While all this may sound overly abstract and theoretical, actually doing a warm data lab facilitates an experience of mutual learning, exploring, and leaning into the complexity of a given question that generates new ways of thinking and learning together in an at least temporal community of people. For example, in a warm data lab, I hosted with around 70 people at the Bon Courage Conference at Dark Horse we were exploring the meaning of courage in a changing world in contexts as diverse as politics, education, science, family, ecology, health, culture, technology, spirituality, aesthetics, and the body. Our conversations around our topic flowed in patterns between the very concrete and personal to the fundamental and abstract. Overlaps between contexts, reinforcing their patterns, but also gaps, inconsistencies, and fissures became apparent, opening new spaces for thought and courageous action.

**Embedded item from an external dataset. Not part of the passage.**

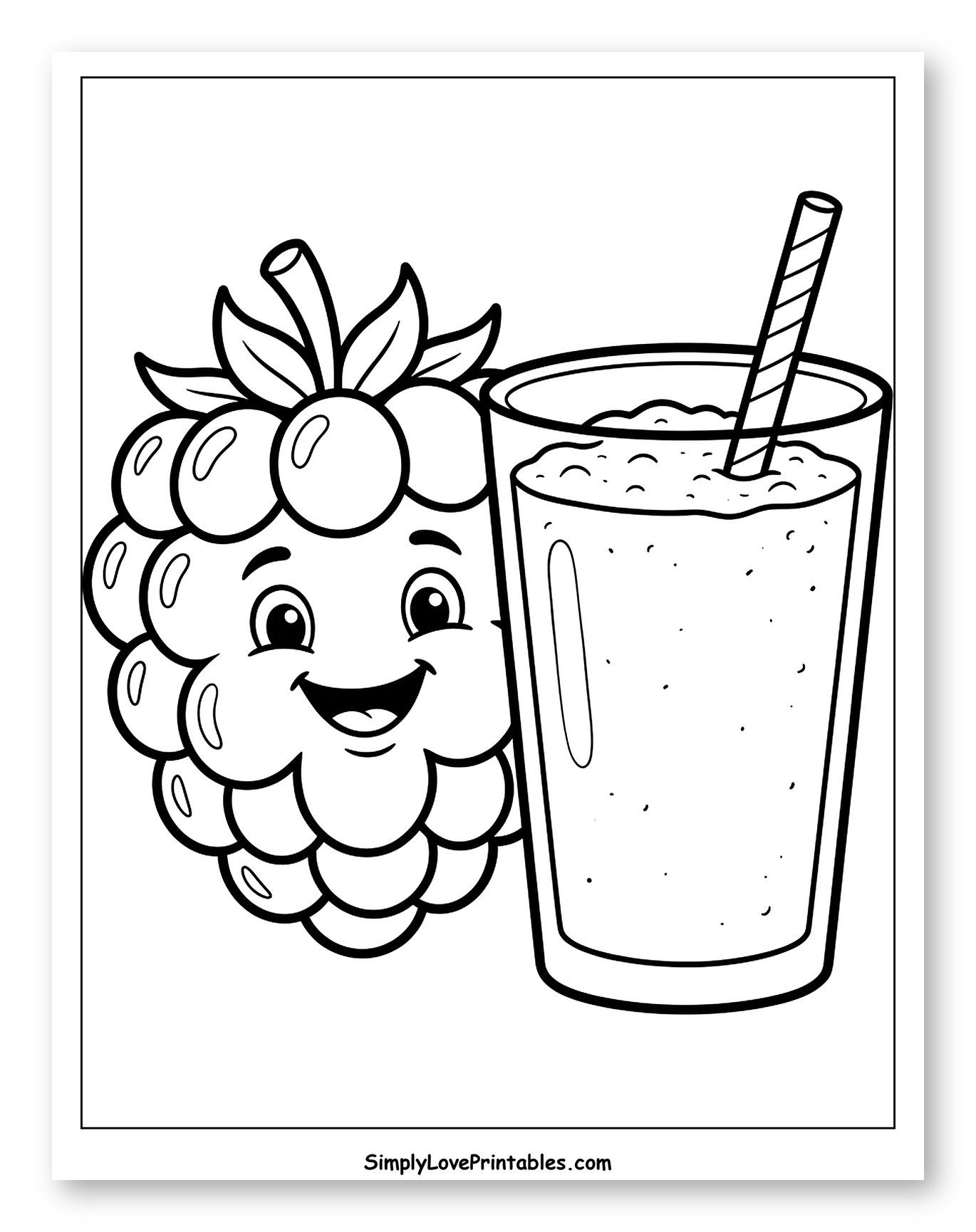 Smiling Raspberry Next to a Smoothie Coloring Sheet for Toddlers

Warm data labs are and remain non-reductive, meaning that there is no summing up or drawing of reassuringly clear conclusions at the end. Instead, they allow for mutual learning in the living interaction between people. While an actual change in the way we think and interrelate may happen, for sure every single participant, as well as the group as a whole will emerge more attuned to the transcontextual dimensions of our realities. Not a bad way to start, when we try to create and innovate for a better future.